## Task instructions
There are pictures in the records below; leave them out and set down exactly the lines from the one holding "Acercar imagen: certificate 2" through the one holding "Microgreen sprouts in".

Material for this exercise section start

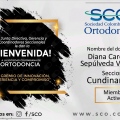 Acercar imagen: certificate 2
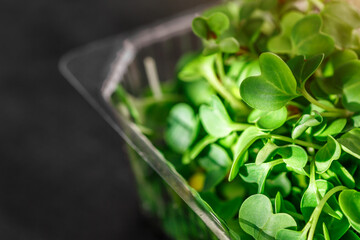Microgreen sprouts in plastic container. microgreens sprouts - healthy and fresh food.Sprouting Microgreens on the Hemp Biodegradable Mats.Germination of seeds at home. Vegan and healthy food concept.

Material for this exercise section end
Material for this exercise section start

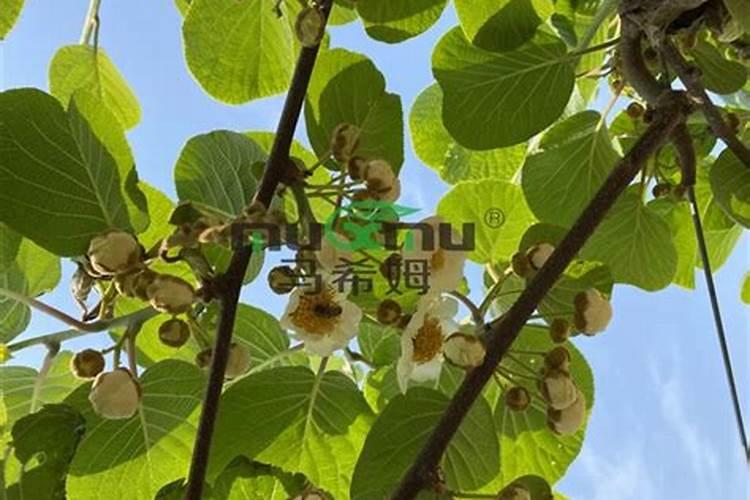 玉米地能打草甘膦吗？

Material for this exercise section end
Material for this exercise section start

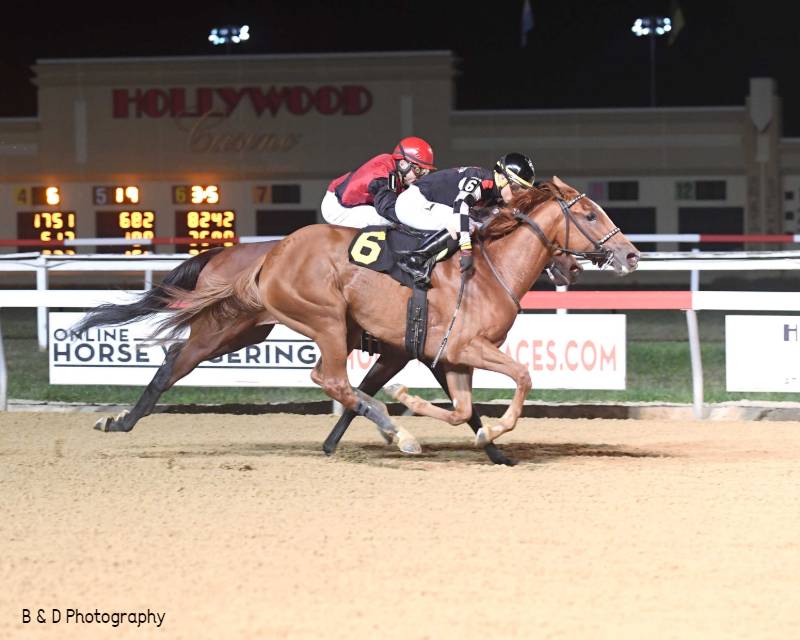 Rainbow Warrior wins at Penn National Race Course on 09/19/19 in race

Material for this exercise section end

## Output of the task
 Acercar imagen: certificate 2
Microgreen sprouts in plastic container. microgreens sprouts - healthy and fresh food.Sprouting Microgreens on the Hemp Biodegradable Mats.Germination of seeds at home. Vegan and healthy food concept.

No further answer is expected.